A, B and C working together completed a job in 10 days. However, C only worked for the first three days when 37/100 of the job was done. Also, the work done by A in 5 days is equal to the work done by B in 4 days. How many days would be required by the fastest worker to comlete the entire work?

• A. 25 days
• B. 20 days
• C. 30 days
• D. 40 days

Answer 1

Answer: (B)

20 days

Answer 2

A, B, and C together complete the job in 10 days.
$\therefore$ Their combined efficiency is $( \frac{1}{10} )$ of the job per day.
$\therefore$ A+B+C worked for the first 3 days and completed $( \frac{37}{100} )$ of the job.

After the first 3 days, the remaining work is $( 1 - \frac{37}{100} = \frac{63}{100} )$.

A and B complete this remaining work in ( 10 - 3 = 7 ) days.

Therefore, their combined efficiency is $( \frac{63}{100} \div 7 = \frac{9}{100} )$ of the job per day.

It is given that,
the work done by A in 5 days is equal to the work done by B in 4 days, $[ 5 \times \text{Work Rate of A} = 4 \times \text{Work Rate of B} ] [ \frac{\text{Work Rate of A}}{\text{Work Rate of B}} = \frac{4}{5} ]$

Now,
Let the efficiency of A be ( 4x ) and the work rate of B be ( 5x ).

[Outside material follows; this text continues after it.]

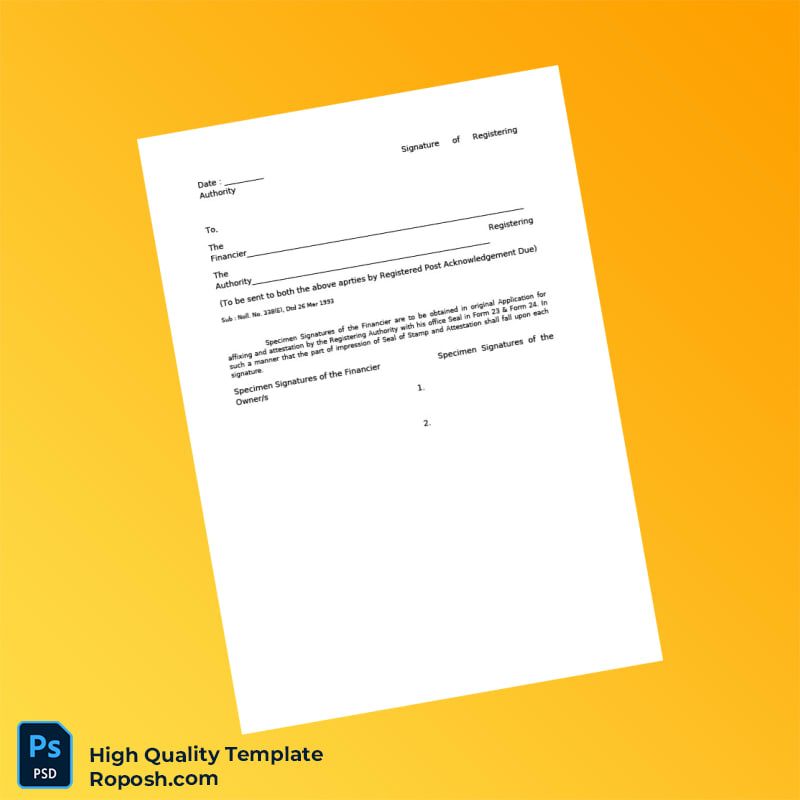 Duplicate Vehicle Registration Certificate Application Template in Word and PDF formats 3 page Duplicate Vehicle Registration Certificate Application Template in Word and PDF formats 3 page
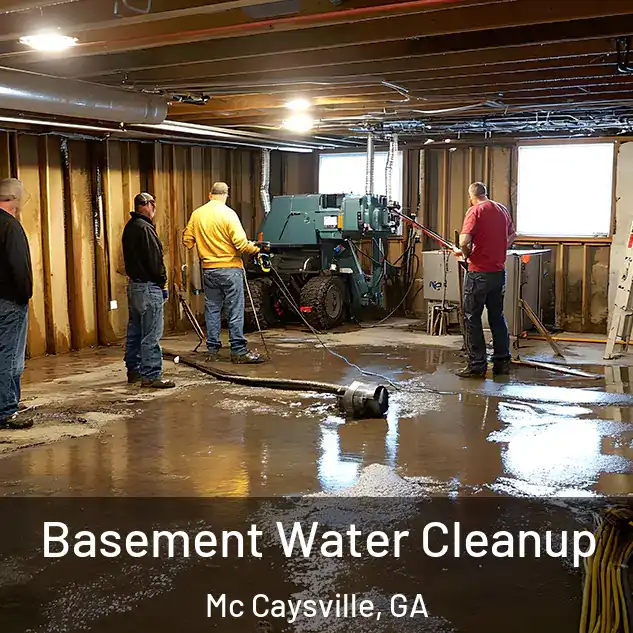  Basement Water Cleanup Mc Caysville, GA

$\therefore$ $( 4x + 5x = \frac{9}{100} \Rightarrow 9x = \frac{9}{100} \Rightarrow x = \frac{1}{100} )$.

efficiency of A is $( 4x = 4 \times \frac{1}{100} = \frac{4}{100} = \frac{1}{25} )$.

efficiency of B is $( 5x = 5 \times \frac{1}{100} = \frac{5}{100} = \frac{1}{20} )$.

Hence, B is the fastest worker and can complete the entire job in 20 days.